» **WORK TASK**
Output must consist only of the lines of the material below from the one with "Yingmart Jesus Jade" through the one with "Dressoir met houten", each reproduced exactly; no pictures belong in it.

Start of DATA TO USE

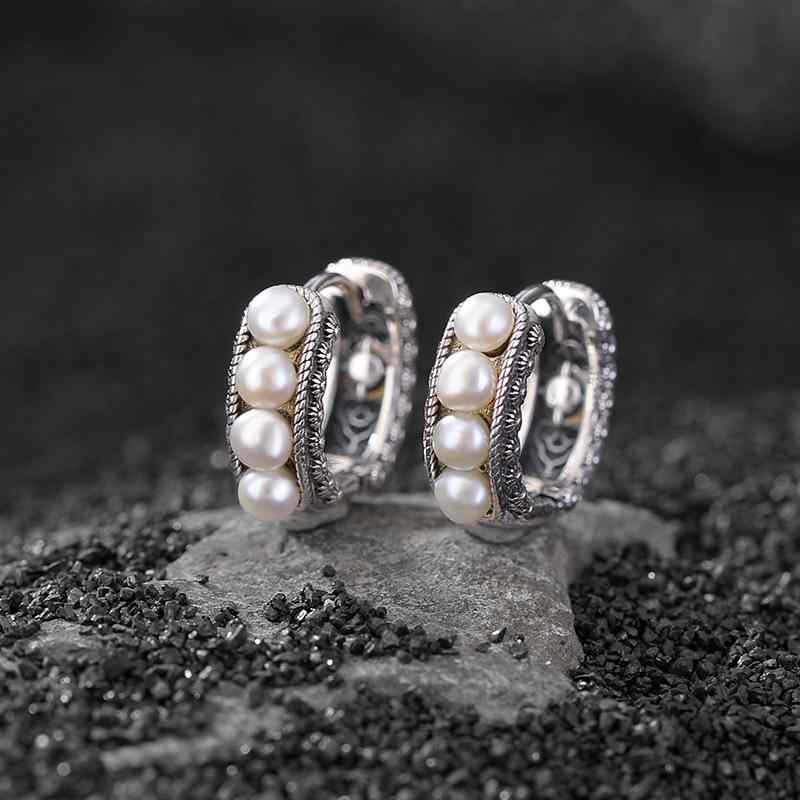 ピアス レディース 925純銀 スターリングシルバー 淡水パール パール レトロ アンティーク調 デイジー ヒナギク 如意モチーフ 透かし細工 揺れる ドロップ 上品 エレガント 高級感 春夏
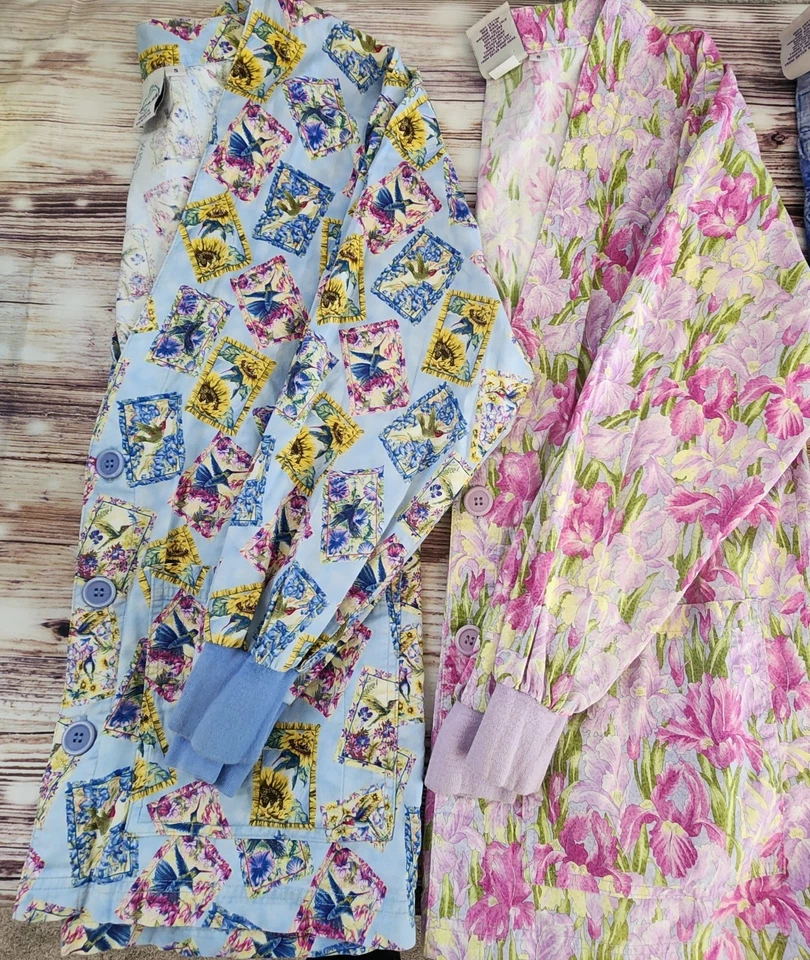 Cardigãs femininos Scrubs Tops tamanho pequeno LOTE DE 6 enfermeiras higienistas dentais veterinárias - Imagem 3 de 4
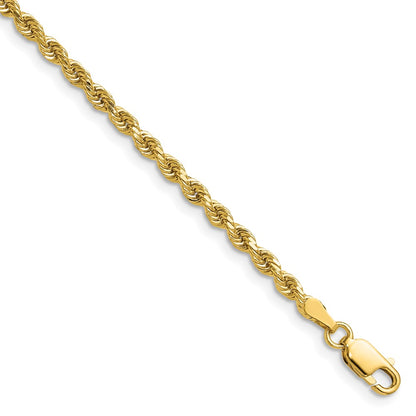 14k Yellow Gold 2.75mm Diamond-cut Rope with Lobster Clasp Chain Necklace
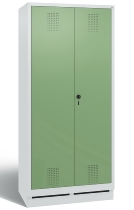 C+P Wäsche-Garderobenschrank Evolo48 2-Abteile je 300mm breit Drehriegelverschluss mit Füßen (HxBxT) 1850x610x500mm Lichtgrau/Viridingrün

End of DATA TO USE
Start of DATA TO USE

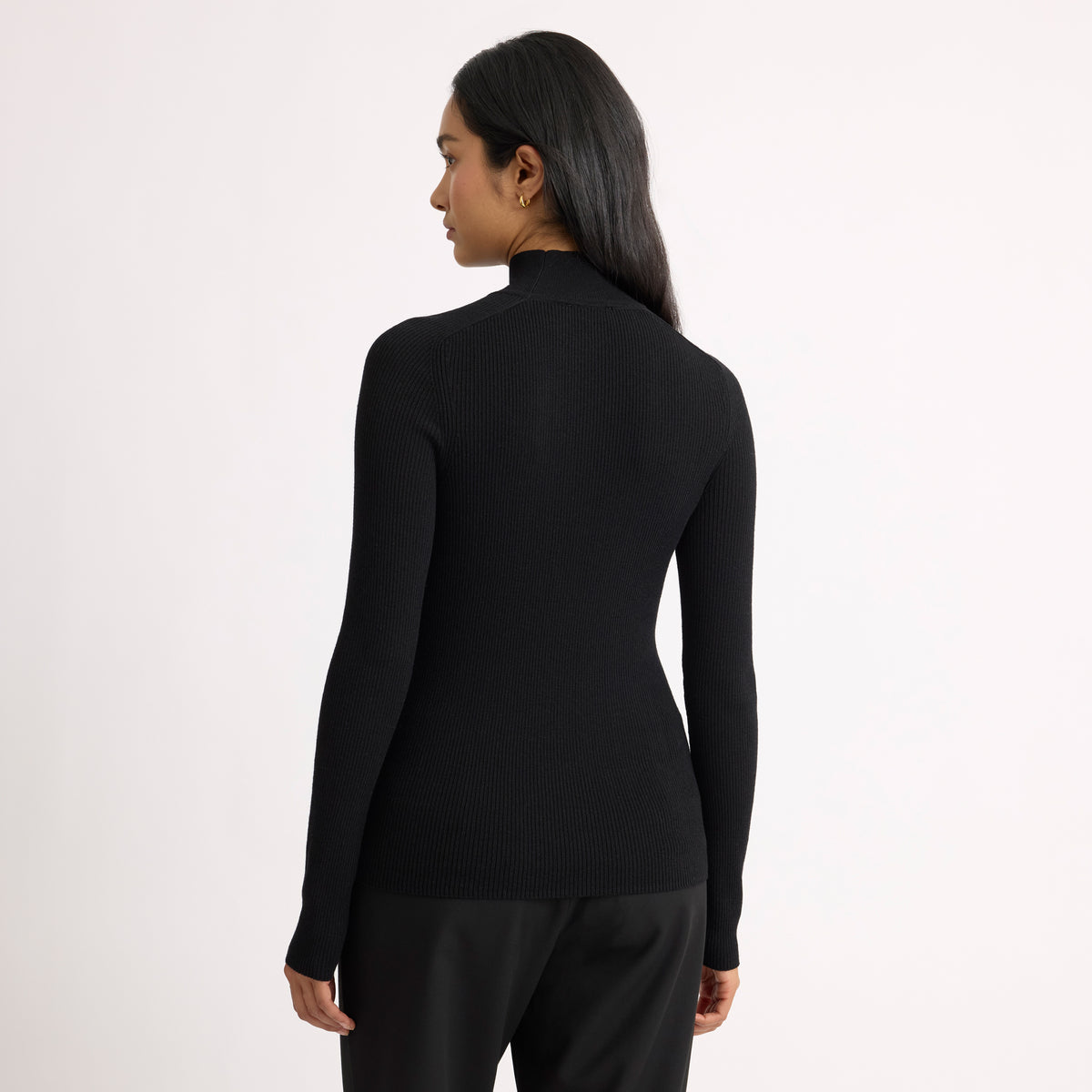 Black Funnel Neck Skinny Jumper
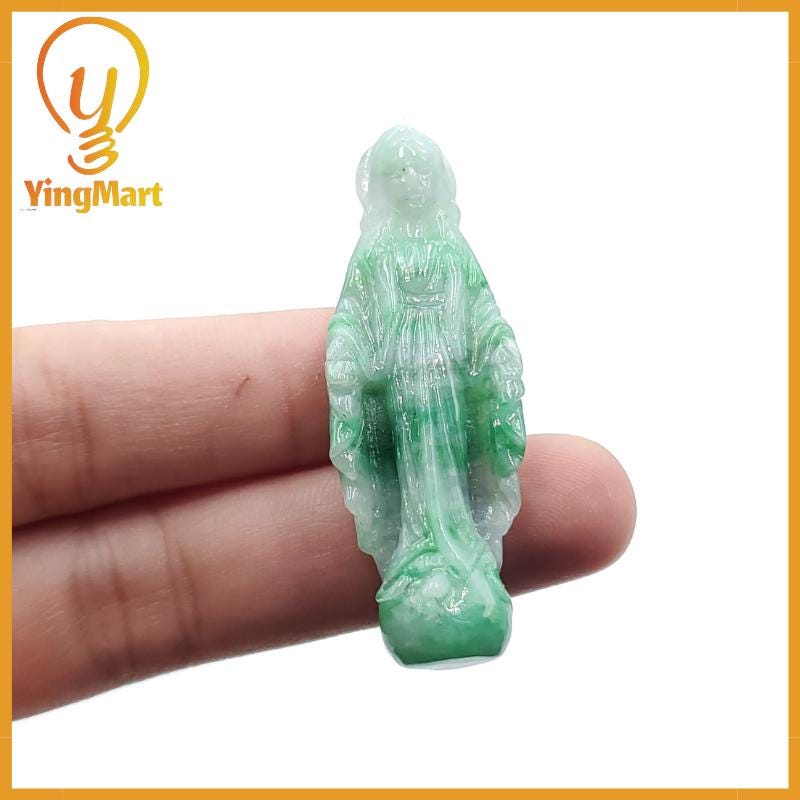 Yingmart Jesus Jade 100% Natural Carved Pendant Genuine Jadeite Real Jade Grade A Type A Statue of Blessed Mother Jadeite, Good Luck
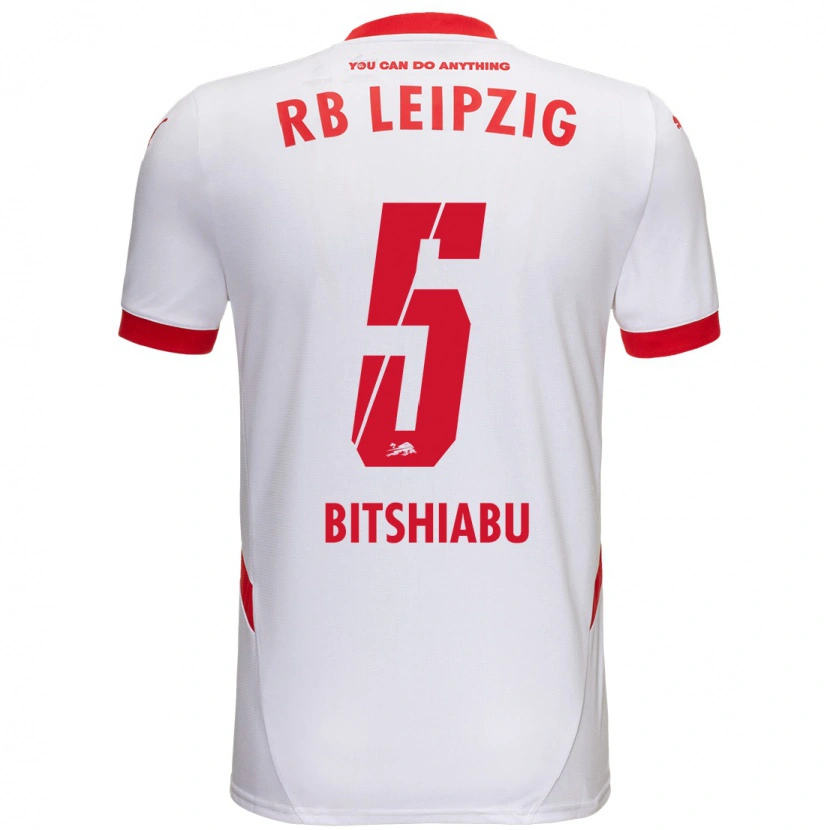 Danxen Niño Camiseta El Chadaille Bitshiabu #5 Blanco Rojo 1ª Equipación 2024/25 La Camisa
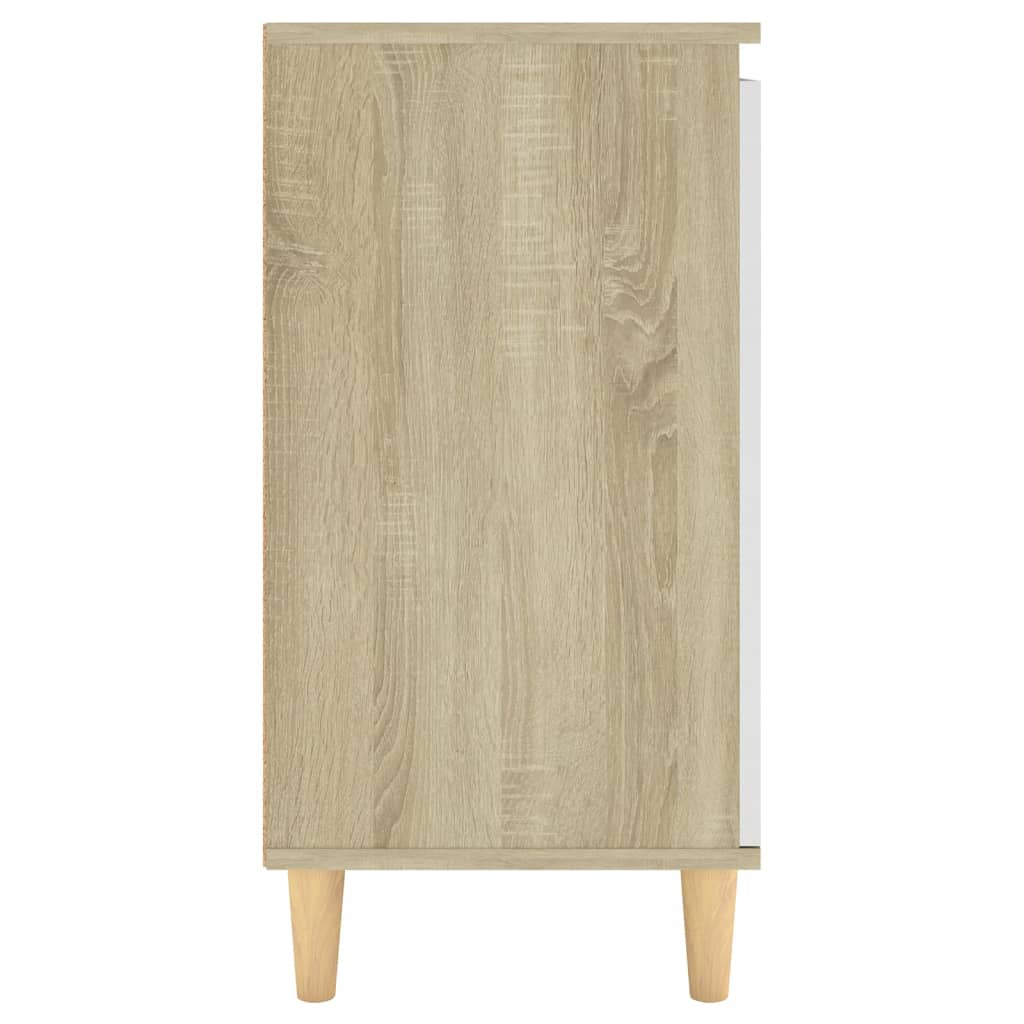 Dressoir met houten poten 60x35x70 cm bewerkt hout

End of DATA TO USE
Start of DATA TO USE

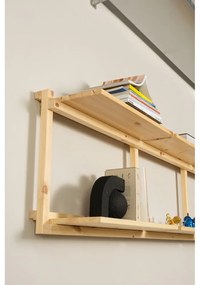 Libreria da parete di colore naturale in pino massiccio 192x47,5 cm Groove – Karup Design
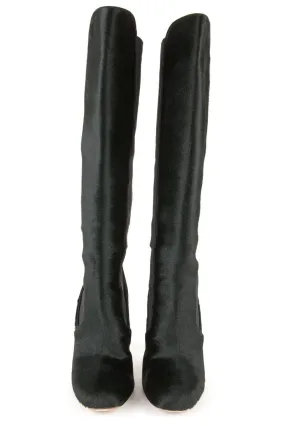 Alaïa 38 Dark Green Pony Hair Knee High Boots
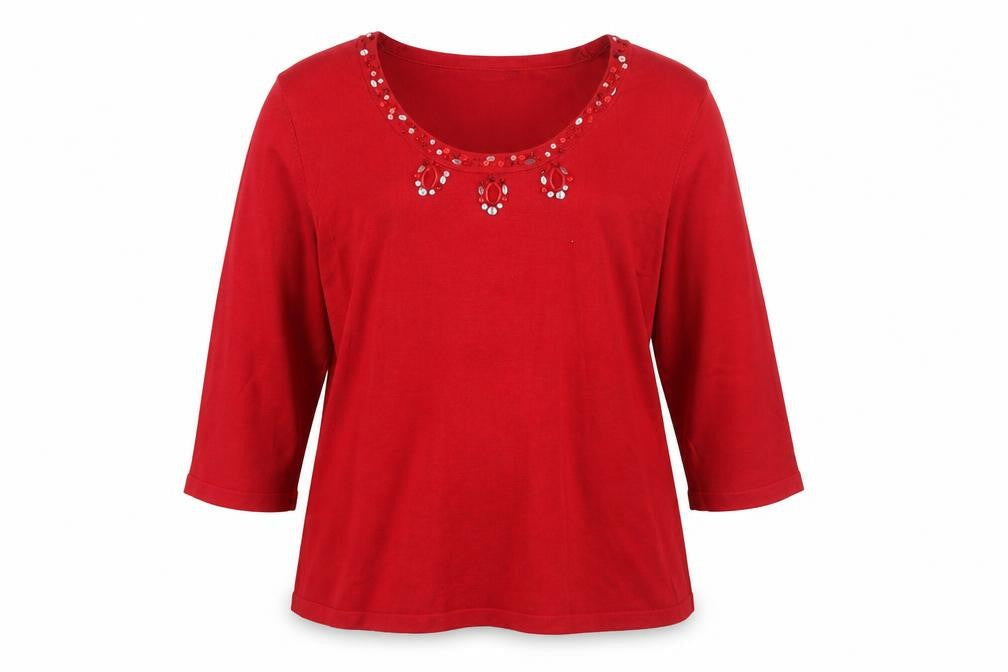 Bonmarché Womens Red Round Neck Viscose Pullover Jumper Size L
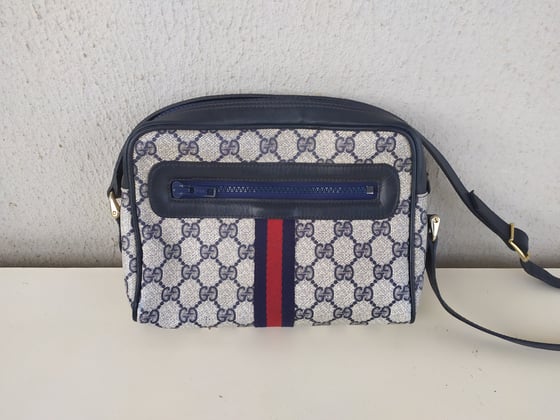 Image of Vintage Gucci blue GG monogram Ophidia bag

End of DATA TO USE

» **ANSWER FOR THE TASK**
 Yingmart Jesus Jade 100% Natural Carved Pendant Genuine Jadeite Real Jade Grade A Type A Statue of Blessed Mother Jadeite, Good Luck
 Danxen Niño Camiseta El Chadaille Bitshiabu #5 Blanco Rojo 1ª Equipación 2024/25 La Camisa
 Dressoir met houten poten 60x35x70 cm bewerkt hout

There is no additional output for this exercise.